(Brief descriptive captions)
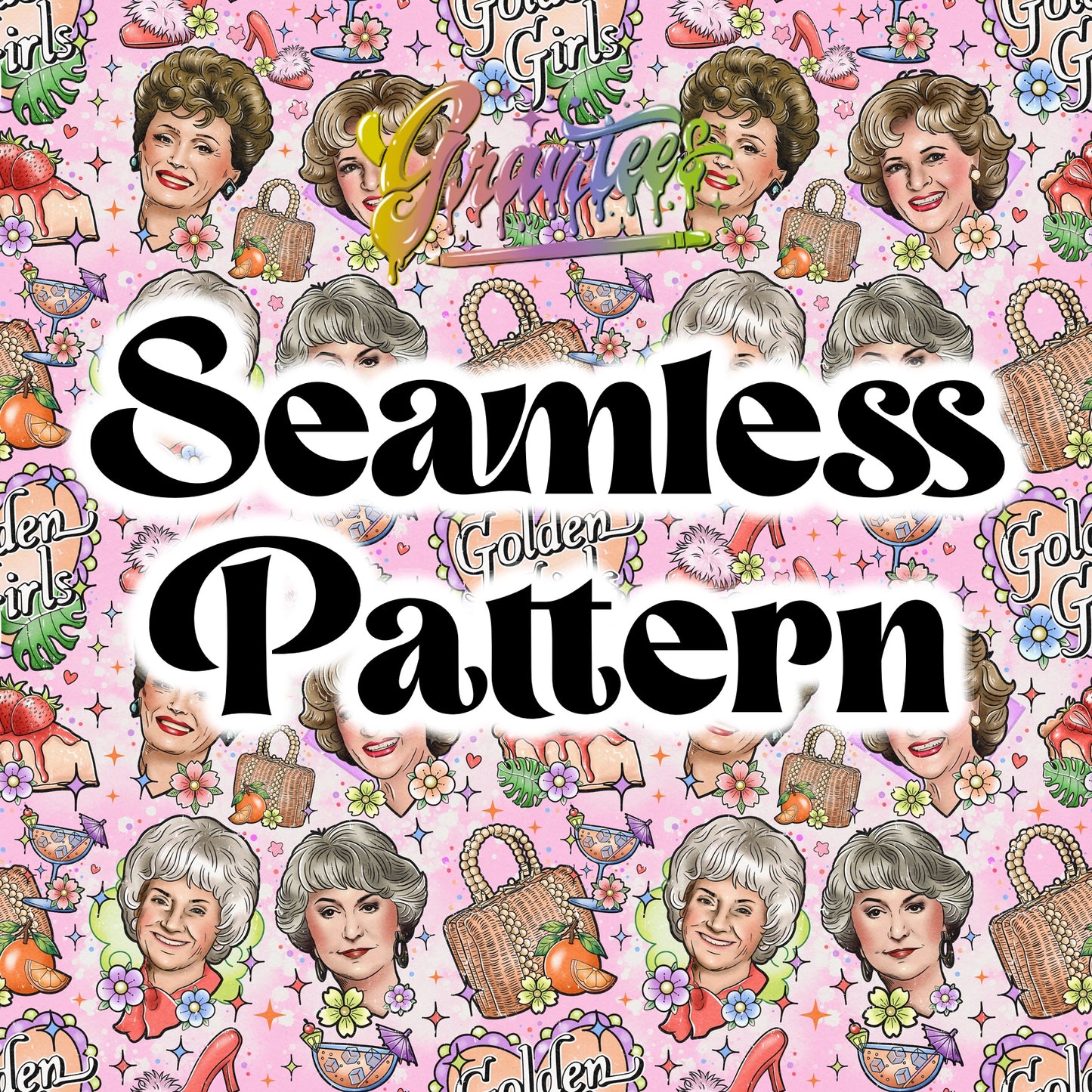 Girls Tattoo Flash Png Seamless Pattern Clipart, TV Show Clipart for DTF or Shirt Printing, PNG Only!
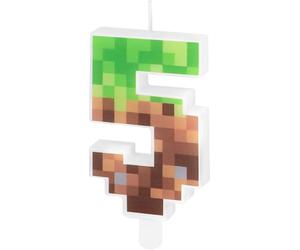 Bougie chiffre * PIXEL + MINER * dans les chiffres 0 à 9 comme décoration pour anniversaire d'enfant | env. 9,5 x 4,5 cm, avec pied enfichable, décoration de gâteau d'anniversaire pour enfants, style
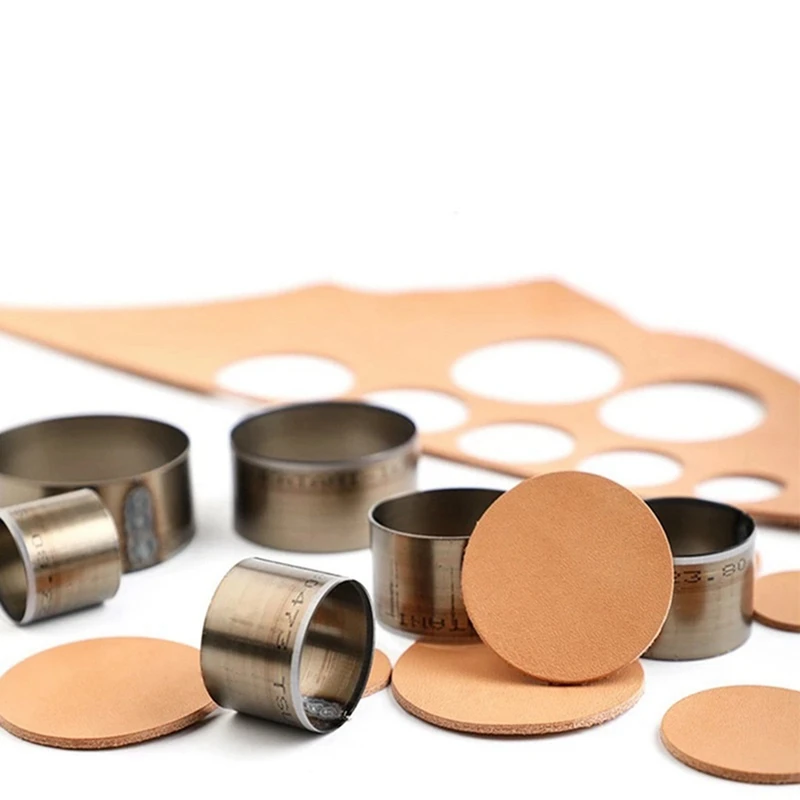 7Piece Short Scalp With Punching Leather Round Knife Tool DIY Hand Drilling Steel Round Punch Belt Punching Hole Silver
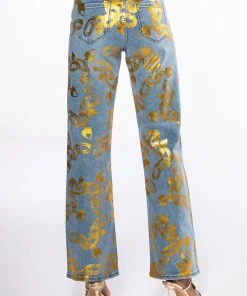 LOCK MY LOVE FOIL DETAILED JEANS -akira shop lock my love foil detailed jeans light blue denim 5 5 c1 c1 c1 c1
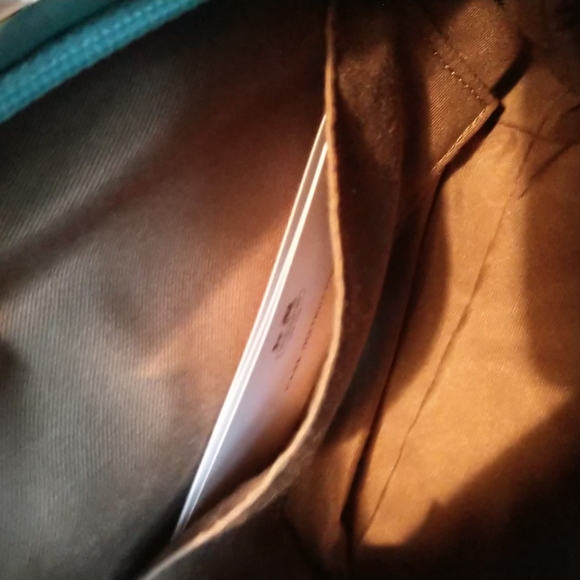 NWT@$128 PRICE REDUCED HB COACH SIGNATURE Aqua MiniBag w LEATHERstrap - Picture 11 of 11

Exercise requirements -> Having removed the pictures, write out the records exactly as they stand.

Your response ->
 Girls Tattoo Flash Png Seamless Pattern Clipart, TV Show Clipart for DTF or Shirt Printing, PNG Only!
 Bougie chiffre * PIXEL + MINER * dans les chiffres 0 à 9 comme décoration pour anniversaire d'enfant | env. 9,5 x 4,5 cm, avec pied enfichable, décoration de gâteau d'anniversaire pour enfants, style
 7Piece Short Scalp With Punching Leather Round Knife Tool DIY Hand Drilling Steel Round Punch Belt Punching Hole Silver
 LOCK MY LOVE FOIL DETAILED JEANS -akira shop lock my love foil detailed jeans light blue denim 5 5 c1 c1 c1 c1
 NWT@$128 PRICE REDUCED HB COACH SIGNATURE Aqua MiniBag w LEATHERstrap - Picture 11 of 11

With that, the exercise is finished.